What we’ve created in the i-lab is a safe place for trial, experimentation, and failure.

And failure is often a key element to the process.

The greatest benefit is that within the Innovation Labs community, founders and contributors can commiserate with each other and share advice. There is something unique about these student founders while they are still in a school environment that allows for a lot of freedom and the ability to make mistakes that don’t end up affecting someone’s bottom line, portfolio health, or ego.

They’re not competing for attention. Or for the brass ring. They’re here to help each other.

If we can help students learn about and try to build a business in an environment without the pressures of building a demo presentation or quickly trying to be primed to show off to potential investors, the VC and angel investor community is going to be getting better, more experienced founders and early-stage companies. Some of these startups have already been through failures, but the stakes within the environment of the i-lab were lower; they weren’t pushed forward too quickly or beholden to investors where they couldn’t scrap their ideas and start again.

These companies leave the i-lab having already gone through many of the struggles of companies that need seed stage funding earlier than they should probably have received it. Consequently, money will be at much lower risk. More viable companies will come out of the i-lab and into the ecosystem because they have had the ability to hone their value proposition and iterate on their idea.

To some degree, it makes startups better prepared whether they set out on their own with investment funding or if they move on to participate in programs like Y-Combinator, TechStars, or MassChallenge. In fact, most of the i-lab companies that have gone on to participate in one or more of those programs has been a top performer.

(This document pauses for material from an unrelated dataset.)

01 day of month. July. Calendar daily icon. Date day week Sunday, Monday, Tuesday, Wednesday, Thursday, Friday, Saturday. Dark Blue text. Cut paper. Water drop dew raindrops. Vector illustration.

Here, it is about quality. There is a grounding nature. The startups being built in the i-lab aren’t tarnished, they aren’t cynical yet. We can catch them before the egos take over.

Founders and their startup teams come out of the i-lab more experienced and more well-rounded; it is almost an extension of the liberal arts education many of our Harvard College students are receiving across the Charles River in Cambridge.

And we believe this should be a goal for all higher education organizations seeking new ways to support their most innovative students. As more and more universities build entrepreneurship centers or startup support programs, the key is to create a safe space for experimentation and even to fail. Ideally, this should also be part of the mission as programs like Y-Combinator and Techstars continue to evolve.

It is time to stop thinking about failure as an endgame when it comes to innovation and entrepreneurship, and think of it as a necessary challenge that is part of the road to greatness. To do that, those tasked with supporting early-stage ventures must regard connection, cooperation, and experimentation as sacred and far more meaningful than pitches, term sheets, and promotion or buzz.

Doing anything less could stifle the next generation of life-changing technological, medical, and cultural breakthroughs before they have a chance to get off the ground.